> **Exercise**
If an entry includes an image, drop the image and copy the rest verbatim.
==========
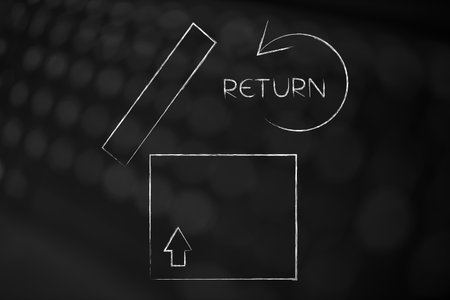 return policy and product stats conceptual illustration,  return sign with backward arrow above open delivery parcel boxの写真素材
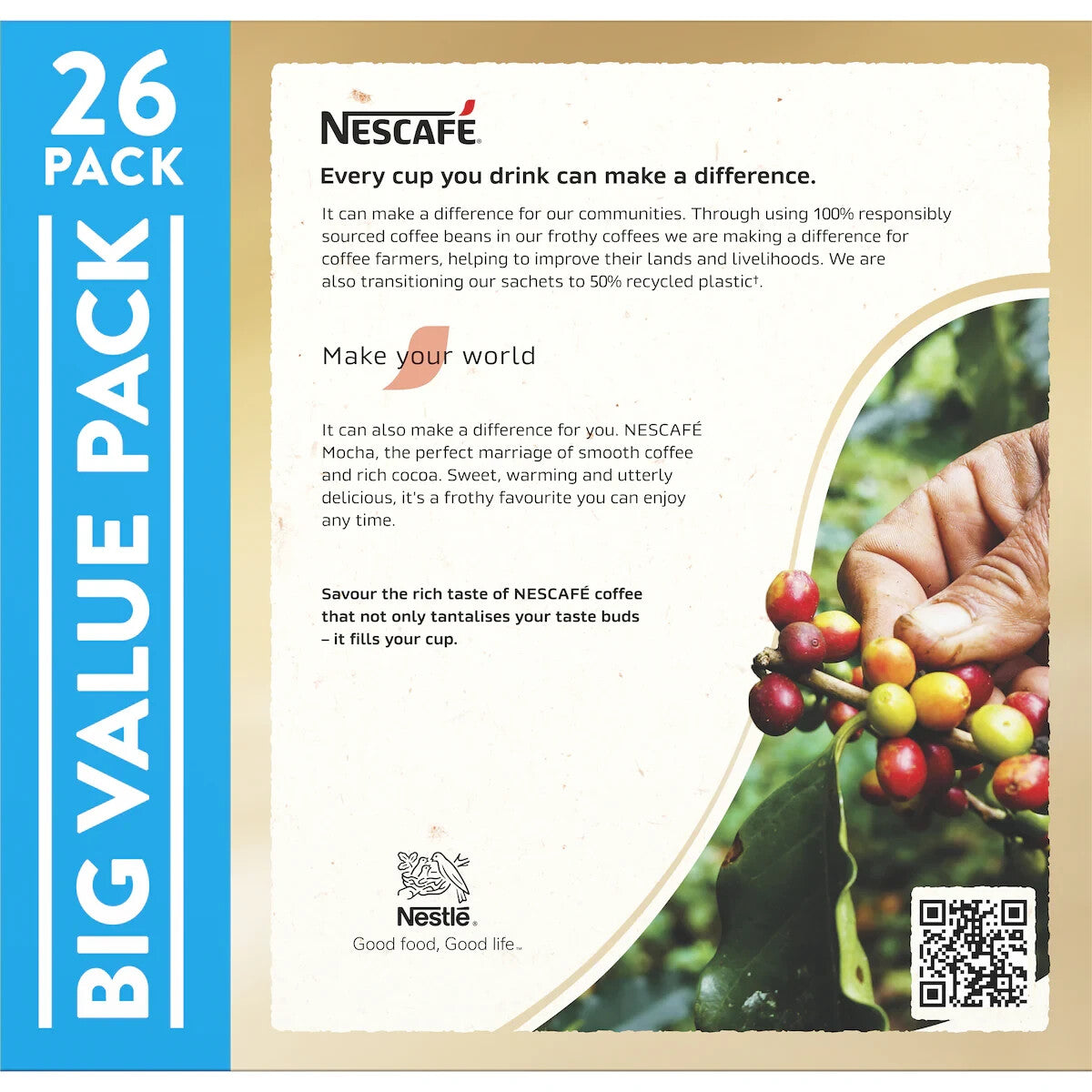 Nescafe Instant Coffee Stick Creamy & Frothy Mocha Cocoa Drink 78 x 16.5g Sachet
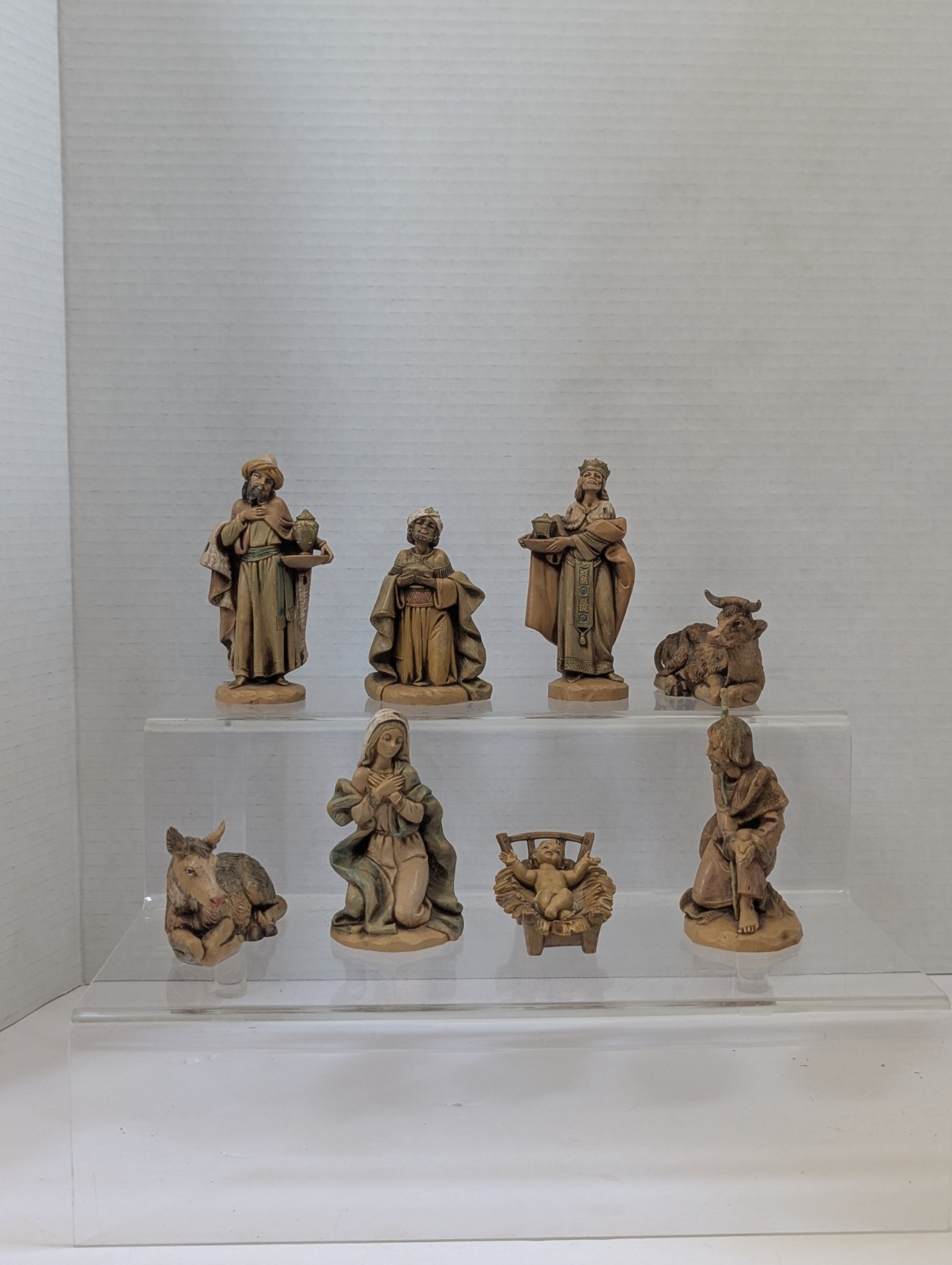 Vtg 80\'s Fontanini Simonetti Nativity Figures Holy Mary Baby Jesus  Depose Italy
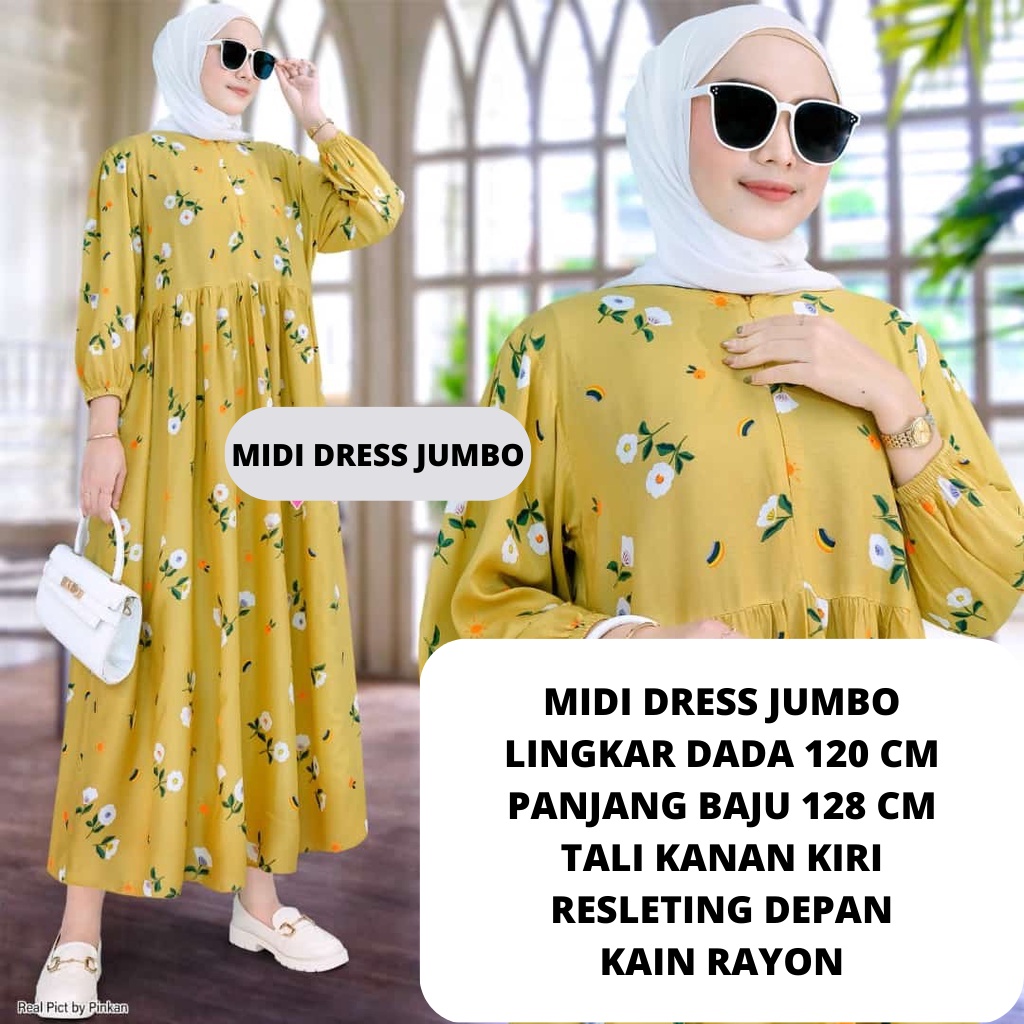 Midi Dress Jumbo Rayon Viscose Busui Resleting Depan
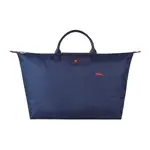 LONGCHAMP COLLECTION系列刺繡LOGO尼龍摺疊款短把手提包(大/深藍X紅)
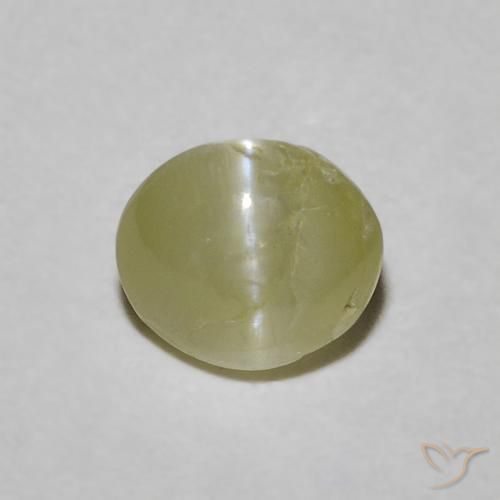 0.60ct 天然 黄みがかったグリーン リソベリルキャッツアイ, 楕円形, 半透明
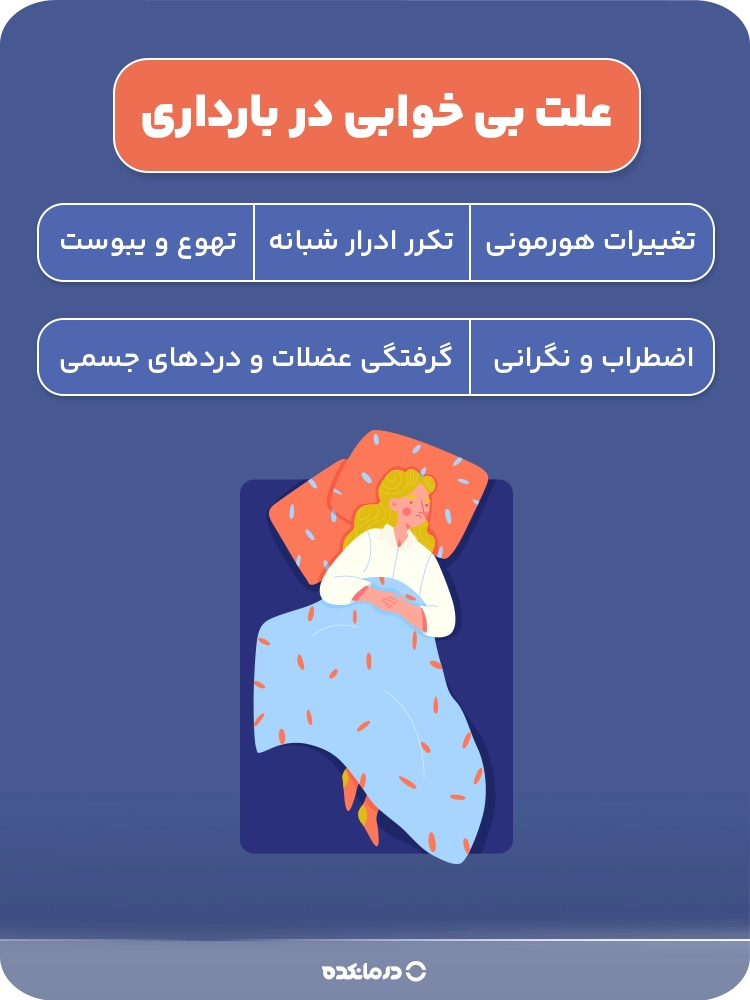 اینفوگرافی علت بی خوابی در بارداری
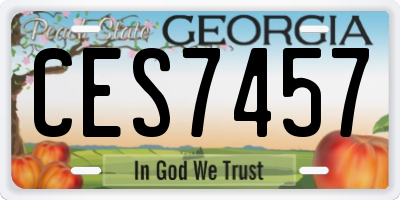 GA license plate CES7457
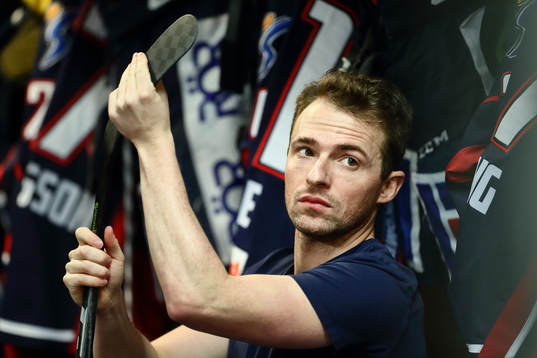 Linköpings Broc Little före ishockeymatchen i SHL mellan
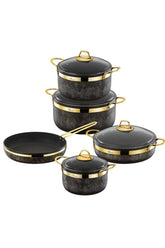 Brioni Royal Stone 9 Parça Kum Taşı&altın Taş Granit Tencere Seti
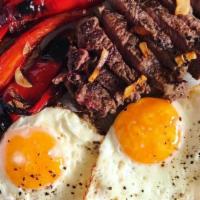 Midnight Express Special · Sliced steak and eggs. Served with home fries.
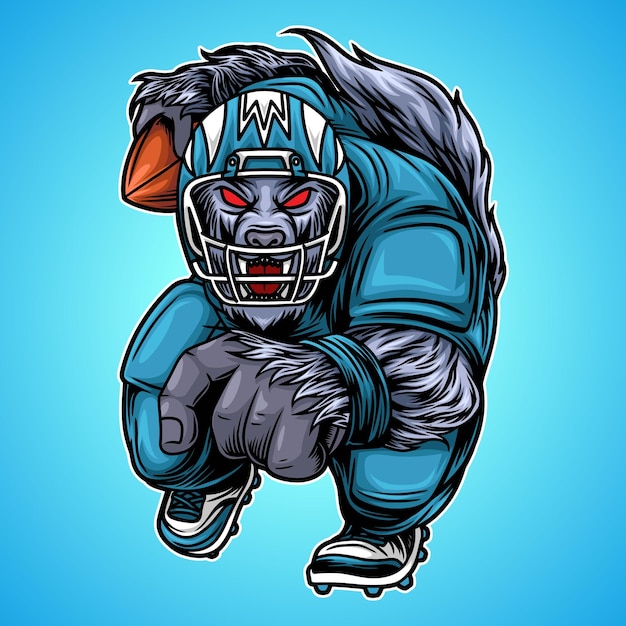 Illustrazione di football americano della mascotte del lupo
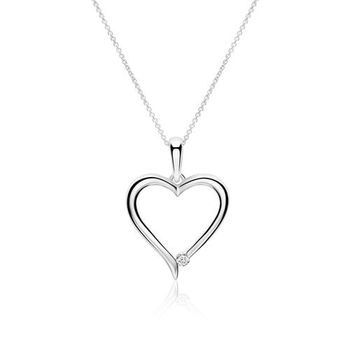 Cadena corazón de oro blanco de 14 quilates con diamante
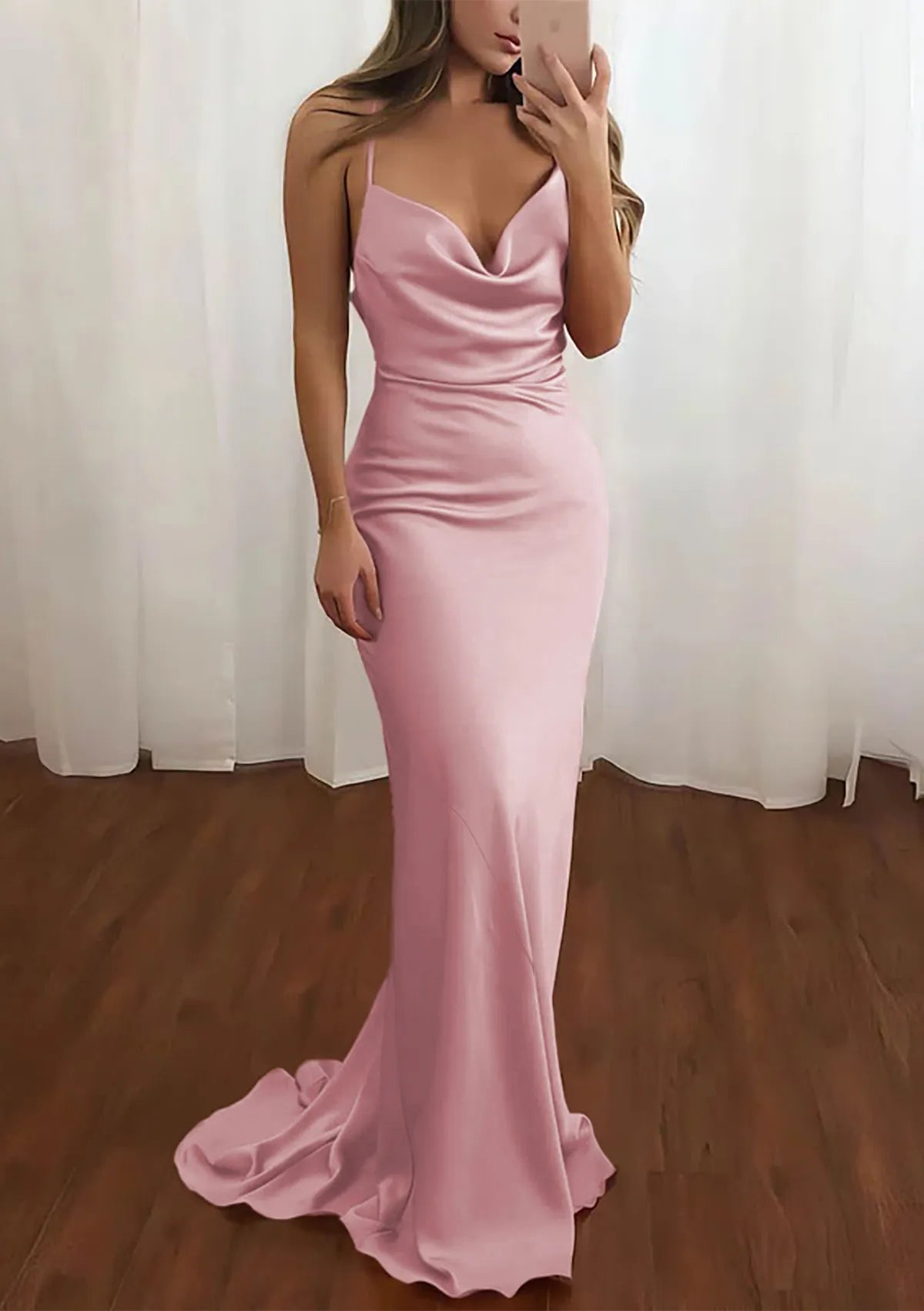 Glamorous Blush Satin Cowl Neck Prom Gown A Perfect Blend of Sexiness and Elegance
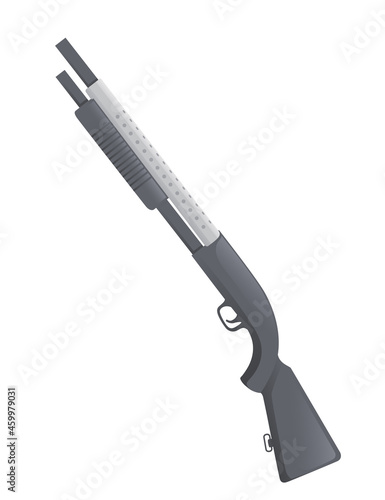 Pump action shotgun weapon police and hunting gun vector illustration on white background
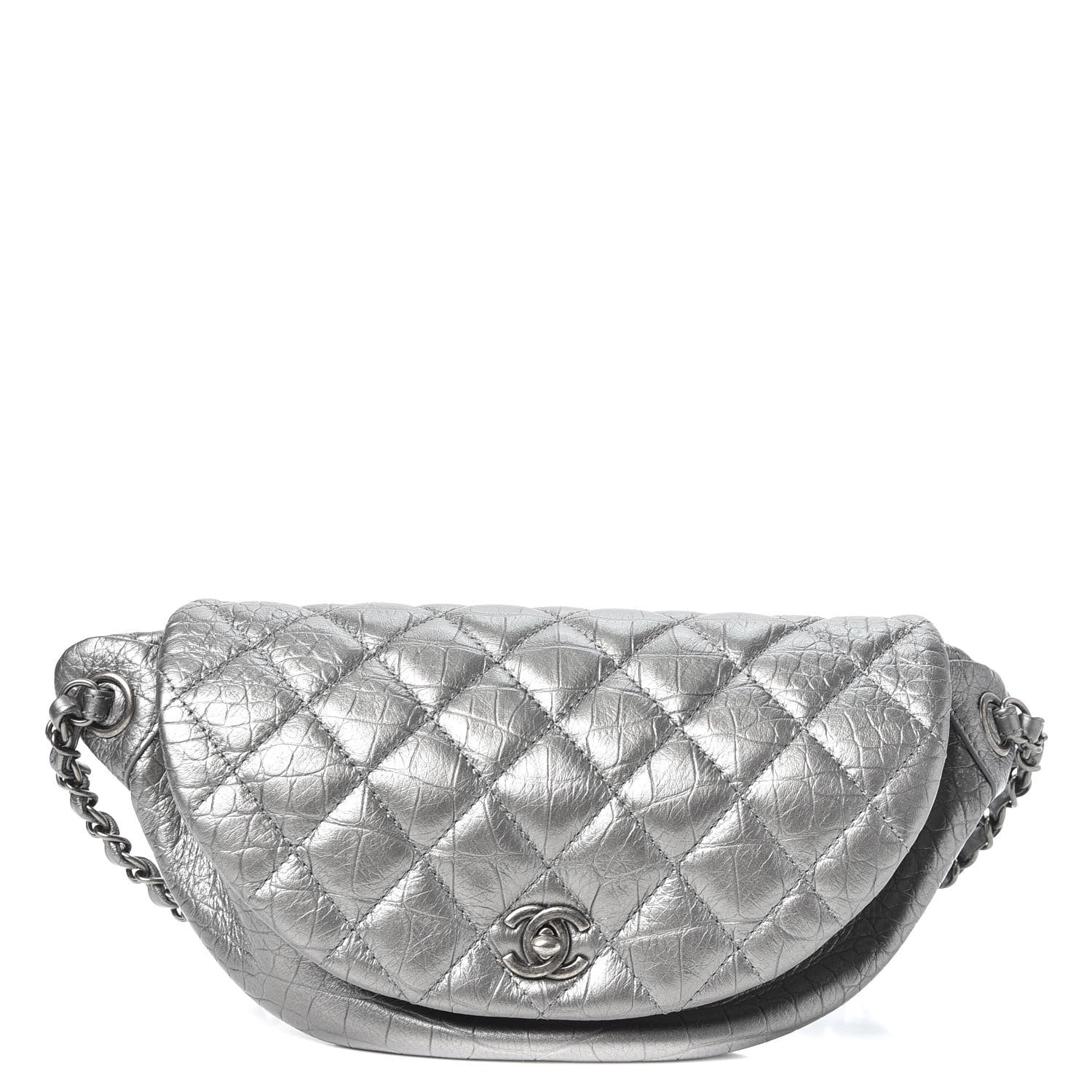 Chanel Metallic Calfskin Crocodile Embossed Quilted Easy Trip Waist Bag Fanny Pack Silver 1 of 9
==========
> **Written solution**
 return policy and product stats conceptual illustration,  return sign with backward arrow above open delivery parcel boxの写真素材
 Nescafe Instant Coffee Stick Creamy & Frothy Mocha Cocoa Drink 78 x 16.5g Sachet
 Vtg 80\'s Fontanini Simonetti Nativity Figures Holy Mary Baby Jesus  Depose Italy
 Midi Dress Jumbo Rayon Viscose Busui Resleting Depan
 LONGCHAMP COLLECTION系列刺繡LOGO尼龍摺疊款短把手提包(大/深藍X紅)
 0.60ct 天然 黄みがかったグリーン リソベリルキャッツアイ, 楕円形, 半透明
 اینفوگرافی علت بی خوابی در بارداری
 GA license plate CES7457
 Linköpings Broc Little före ishockeymatchen i SHL mellan
 Brioni Royal Stone 9 Parça Kum Taşı&altın Taş Granit Tencere Seti
 Midnight Express Special · Sliced steak and eggs. Served with home fries.
 Illustrazione di football americano della mascotte del lupo
 Cadena corazón de oro blanco de 14 quilates con diamante
 Glamorous Blush Satin Cowl Neck Prom Gown A Perfect Blend of Sexiness and Elegance
 Pump action shotgun weapon police and hunting gun vector illustration on white background
 Chanel Metallic Calfskin Crocodile Embossed Quilted Easy Trip Waist Bag Fanny Pack Silver 1 of 9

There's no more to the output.